I SIFF, therefore I am…standing in line

The older SIFF gets—it turns 30 this year—the bigger it gets. What started as a two-week, 26-title, auteur-oriented fest has blimped into a 25-day marathon of 200-plus features, three dozen documentaries, and sundry shorts; plus the traditional clutch of visiting demi-celebs (give it up for John C. Reilly!); and a bunch of weird programming categories like “Asian Tradewinds” that sound like fusion-cuisine entrées in Belltown.

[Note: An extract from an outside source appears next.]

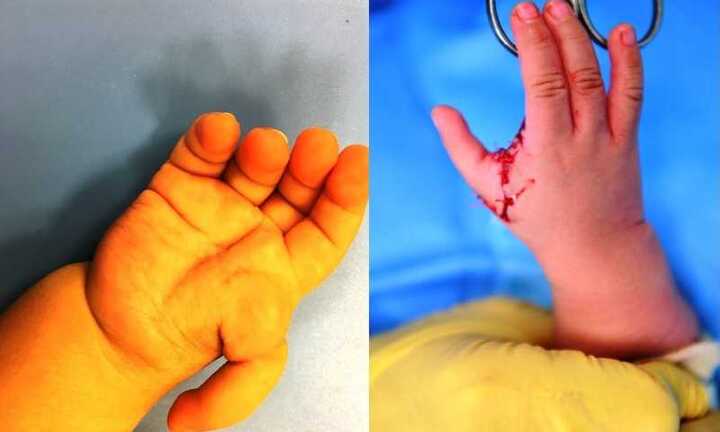 Bác sỹ kể chuyện 'hô biến' ngón trỏ thành ngón cái cho bé 1 tuổi bị dị tật bẩm sinh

SIFF is big—the biggest fest in the U.S., with some 170,000 attendees last year—by virtue of its consistency and the constancy of its fans. People will go, it seems, no matter what is shown, no matter what critics praise or pan, no matter what minor tweaks the festival makes each year. (Fly Films are back! Drive-in shows return to Auburn!) Do we go out of pleasure or a sense of duty? Sometimes it’s a little of both.

This year, SW is stepping back from the SIFF–ness to present an entirely independent preview of the fest. Not an encyclopedia, not an index, not an A–Z regurgitation of SIFF–authored blurbs. You can read those elsewhere. Instead, we spend some time with the filmmakers and their subjects. We let our roving writers ruminate on whatever films interest them. And we offer a few selected picks—ones that, yes, really are worth waiting for in that piss-stinking alley outside the Egyptian. We’ll see you there. Again.

The Seattle International Film Festival runs Thurs., May 20–Sun., June 13, at venues including Broadway Performance Hall, Cinerama, Egyptian, Harvard Exit, and Pacific Place. Tickets and info: 206-324-9996 and www.seattlefilm.com, or in person at Broadway Performance Hall and Pacific Place.